In a November 19 article in The Bangladesh Today, M. Asafuddowlah wrote: "The oversized ego of the two housewives-turned-politicos providing accidental leadership to the country's two principal political parties has turned democracy into a virtual mockery. People are held hostages by two families who run the two parties like their private properties."

But let me point out that Hasina is not just a housewife and an accidental leader, and her family members are not heavily involved in politics at this juncture either. What is true of Khaleda is not true of Hasina.

Leadership attributes are often genetically disposed, but can also be harnessed through education and experience. In an study Blema Steinberg (Ref.: Political Psychology, Vol. 22, 2001) confirmed that first-born women, like first-born men, are over-represented among female political leaders as compared with their numbers in a larger sample population; and that fewer female political leaders have an older brother than would be expected to occur in a larger sample population.

Steinberg's study on parent-daughter dynamics suggests a possible explanation for the success of women who achieve senior-level positions of political power. These findings are consistent with Hasina's political background, while Khaleda's (who is neither a first born, nor the daughter of a political leader) ascension to leadership was simply accidental.

Despite having a university degree, years of political grooming, and favourable father-daughter dynamics, Hasina has not convinced many that she is an astute leader. However, if she surrounds herself with good and trusted advisors, she can attain the stature of a great leader if she assiduously works for it.

Why representative democracy would be further maligned under Khaleda's leadership is clearly articulated in three of my recent articles (Nov 6, 21, 27). In the November 21 piece, I wrote:

"Khaleda Zia, who over the last two years feverishly dismissed the AL reform proposals as self-serving and meritless, could have promoted the institutions of democracy, instead were affianced in an all out scheme to politicize the civil and police administration, including the EC and all its operatives in order to harvest political advantage in the ensuing election.
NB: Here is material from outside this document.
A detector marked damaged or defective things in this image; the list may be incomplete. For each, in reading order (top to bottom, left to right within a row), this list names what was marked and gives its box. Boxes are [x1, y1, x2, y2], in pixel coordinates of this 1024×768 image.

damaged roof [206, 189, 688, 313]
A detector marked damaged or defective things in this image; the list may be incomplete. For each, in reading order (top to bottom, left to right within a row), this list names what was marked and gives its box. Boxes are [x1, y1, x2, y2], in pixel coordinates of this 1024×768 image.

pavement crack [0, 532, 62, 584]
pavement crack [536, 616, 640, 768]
Her rule has surpassed any other government in the subcontinent's history in terms of corruption, politicization, black money laundering, and loan defaulting. The police brutalities she unleashed against oppositions are rivaled only by the struggle for democracy against Pakistani military juntas."

In an opinion column in The Gulf News (UAE) on November 29, Husain Haqqani wrote: "Like Begum Khaleda Zia in Bangladesh today, Nawaz Sharif [of Pakistan] tried to re-write the rules of the political game to the detriment of Benazir Bhutto while he was in power. Bhutto, too, did not bridge the divide with her opponent during her terms of office, which were cut short each time by the establishments of pseudo-constitutional interventions."
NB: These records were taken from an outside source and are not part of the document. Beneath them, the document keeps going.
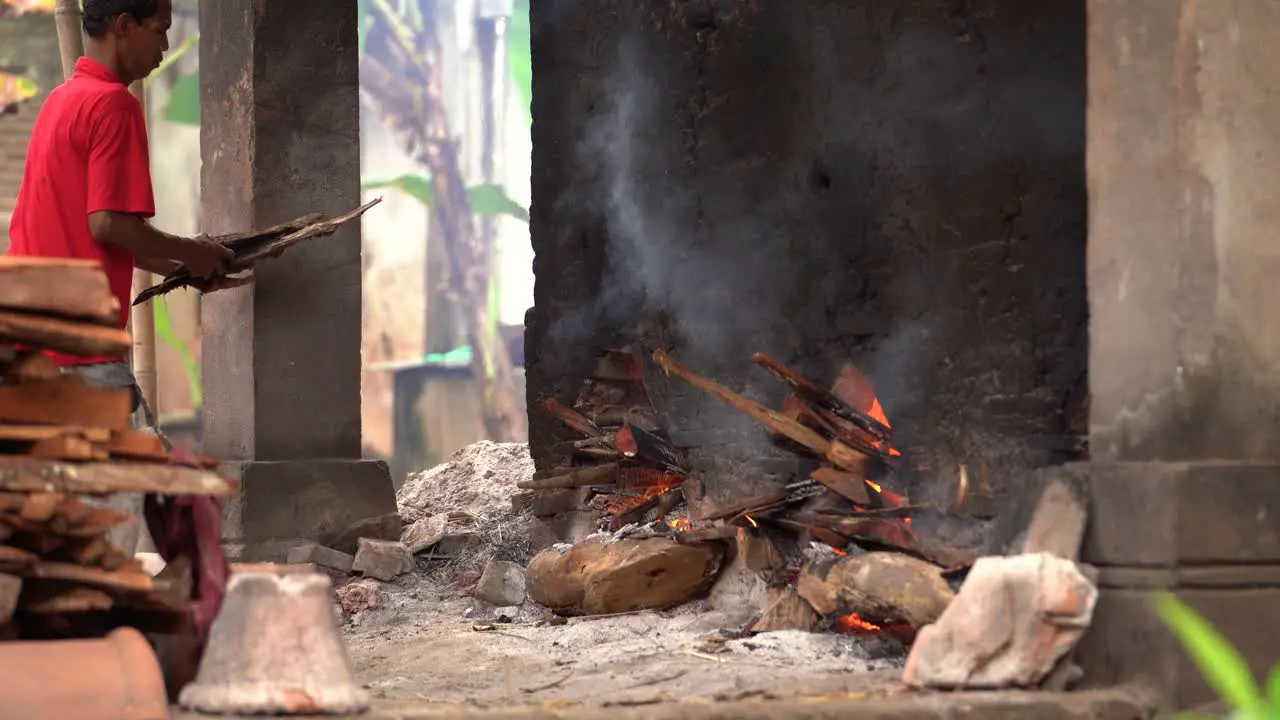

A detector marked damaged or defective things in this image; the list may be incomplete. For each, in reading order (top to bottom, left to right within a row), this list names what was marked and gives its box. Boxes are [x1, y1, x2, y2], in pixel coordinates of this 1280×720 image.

broken concrete chunk [320, 509, 399, 556]
broken concrete chunk [399, 512, 450, 550]
broken concrete chunk [285, 543, 353, 571]
broken concrete chunk [353, 535, 412, 579]
broken concrete chunk [332, 576, 381, 609]
broken concrete chunk [473, 561, 527, 604]
broken concrete chunk [793, 548, 957, 627]
broken concrete chunk [901, 550, 1100, 686] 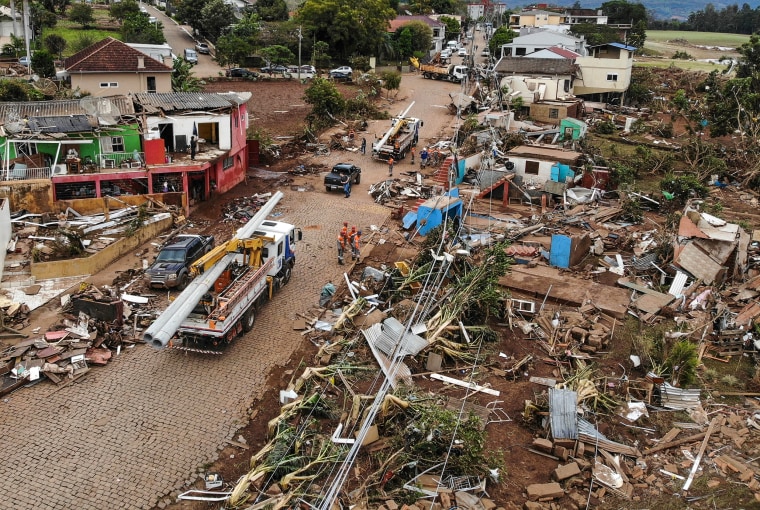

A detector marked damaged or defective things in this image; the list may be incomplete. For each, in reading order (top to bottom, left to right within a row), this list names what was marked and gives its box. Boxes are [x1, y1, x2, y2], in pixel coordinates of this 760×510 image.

rusted metal roofing [0, 96, 134, 122]
rusted metal roofing [131, 93, 246, 114]
rusted metal roofing [548, 388, 576, 440]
Haqqani pleaded that Khaleda Zia and Sheikh Hasina should heed the lesson learnt belatedly by Benazir Bhutto and Nawaz Sharif. The two former Pakistani prime ministers worked out a "Charter for Democracy" recently, several years after being exiled as a result of military rule.

Haqqani viewed that "Given the Bengali Muslims' commitment to popular politics, Bangladesh should have been an example for Pakistan. But now there are fears that current trends in Bangladesh would lead to a gradual Pakistanization of Bangladeshi politics."
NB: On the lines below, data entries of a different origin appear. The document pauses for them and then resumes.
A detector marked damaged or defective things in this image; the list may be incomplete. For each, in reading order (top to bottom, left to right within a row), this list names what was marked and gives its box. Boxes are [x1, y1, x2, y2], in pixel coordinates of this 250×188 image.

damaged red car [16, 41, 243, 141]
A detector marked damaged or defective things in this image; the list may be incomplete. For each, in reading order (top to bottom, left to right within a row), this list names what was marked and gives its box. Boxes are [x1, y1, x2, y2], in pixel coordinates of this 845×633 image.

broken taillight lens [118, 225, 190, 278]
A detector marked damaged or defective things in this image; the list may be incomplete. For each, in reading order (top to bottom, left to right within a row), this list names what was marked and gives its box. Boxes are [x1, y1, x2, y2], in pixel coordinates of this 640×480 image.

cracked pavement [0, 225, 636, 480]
During the last five years, Khaleda's pretensions of not seeing what every one else sees, not hearing what every one else hears, and not acting on matters what everyone expected of her to act on, has earned Bangladesh the top corruption ranking for five consecutive years, recently caused a worldwide concern as a "flawed democracy."

Thomas Jefferson once said: "The price of democracy is eternal vigilance." Given that Khaleda has already started the process of the "Pakistanization" of Bangladeshi politics through her alliances with fundamentalist parties, how can anyone trust Khaleda as a saviour of democracy?

Dr Abdullah A Dewan is Professor of Economics at Eastern Michigan University. The article was presented at a human rights conference in Toronto, Canada held on December 2.